Verdade seja dita, já nos fomos habituando a ouvir tolices e maluqueiras sobre tudo e todos. Situação agravada pela ascensão de uma nova classe de comentadores do ódio que ganharam palco redobrado durante a crise pandémica que nos obrigou a permanecer atrás de um ecrã.
Talvez seja mesmo verdade que estamos dormentes com tudo isto. Prova viva dessa dormência será a falta de indignação pela parte da sociedade civil face ao aumento em tom e em número de intervenções claramente hediondas, da parte de deputados eleitos em nome do partido de André Ventura.
Em cada debate público onde participam, deixam sempre uma marca ofensiva. Tentam diminuir as mulheres presentes. Utilizam argumentos básicos sobre estereótipos ultrapassados. Usam e abusam da conversa brejeira. E são sempre capazes de rematar com uns berros, como se estivessem ali num programa sobre futebol, e não na mais importante casa da democracia. A isso já nos habituou o chega.
E é precisamente o chega que surge como cabeça de cartaz do relatório de que falava. O partido, que continua a ser considerado constitucionalmente aceite, é descrito com uma retórica racista, anti-imigração e anti-LGBTQ+, colocando-o no mesmo patamar dos antigos militantes do PNR ou dos grupos skinheads, por exemplo. Não será de espantar, quando lemos artigos como os que Paulo Seco escreve no mais recente jornal do partido, folheto propagandístico que se faz com peças na defesa de Salazar e dos seus costumes, na crítica intelectualmente invertebrada às minorias ou no endeusamento do líder a que chamam sempre de “doutor”, com um carinho trágico-cómico.
É pela constante erosão que estes movimentos nos tentam vencer, sem dúvida. Mas não é menos verdade que importa que continuemos a ficar revoltadas e revoltados com o que se passa.
A pessoa que foi eleita como deputado, e que teima em minimizar qualquer intervenção contra si, puxando de cartas como a da “histeria”, não pode nem deve ser ignorada.

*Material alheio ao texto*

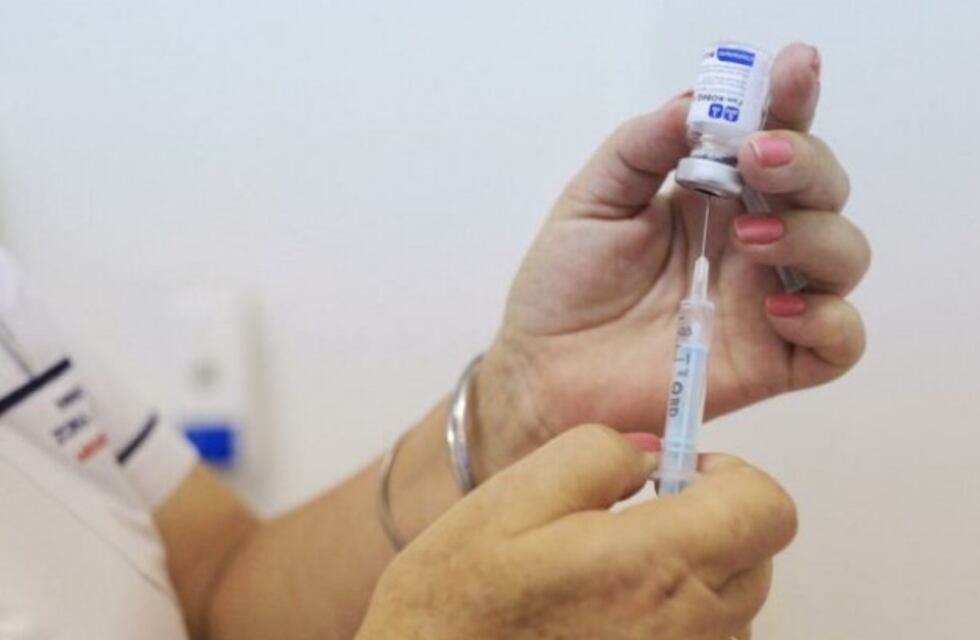 Se reprogramó el plan de vacunación libre para mayores de 25 y 18 años en Zavalla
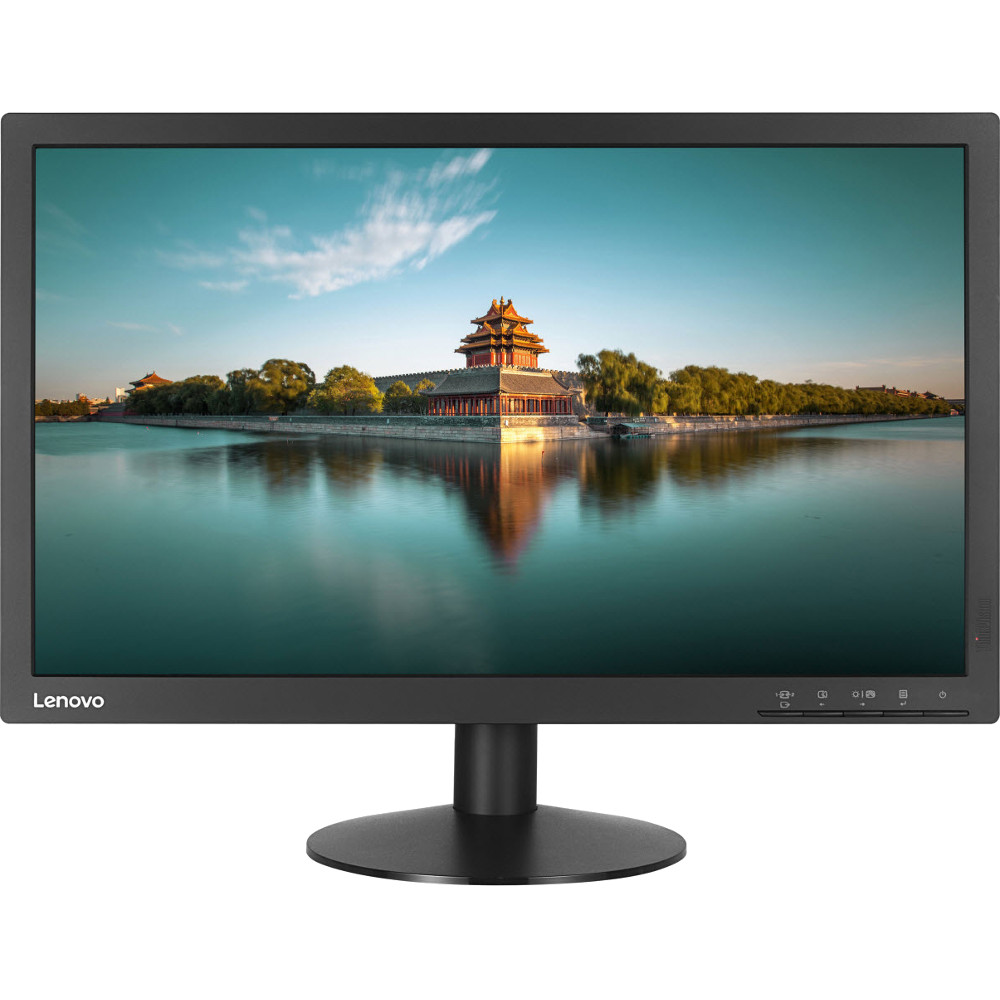 Monitor LED Lenovo ThinkVision T2224d, 21.5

Deve ser publicamente denunciada, pelo discurso de ódio, tal como o devem ser os que com essa pessoa se dignam coligar! Essa pessoa também se inclui no relatório divulgado que dá conta da forma como o seu partido se associa ao racismo, anti-imigração, ou seja, anti minorias e com discurso de ódio.
Não podemos aceitar que tal continue ou permaneça. Nem pela salvação de nenhum governo que deveria sim, ter vergonha de se encontrar associado a um grupo de ódio.
Hoje, como ontem e amanhã, importa continuar a dizer: fascistas não passarão!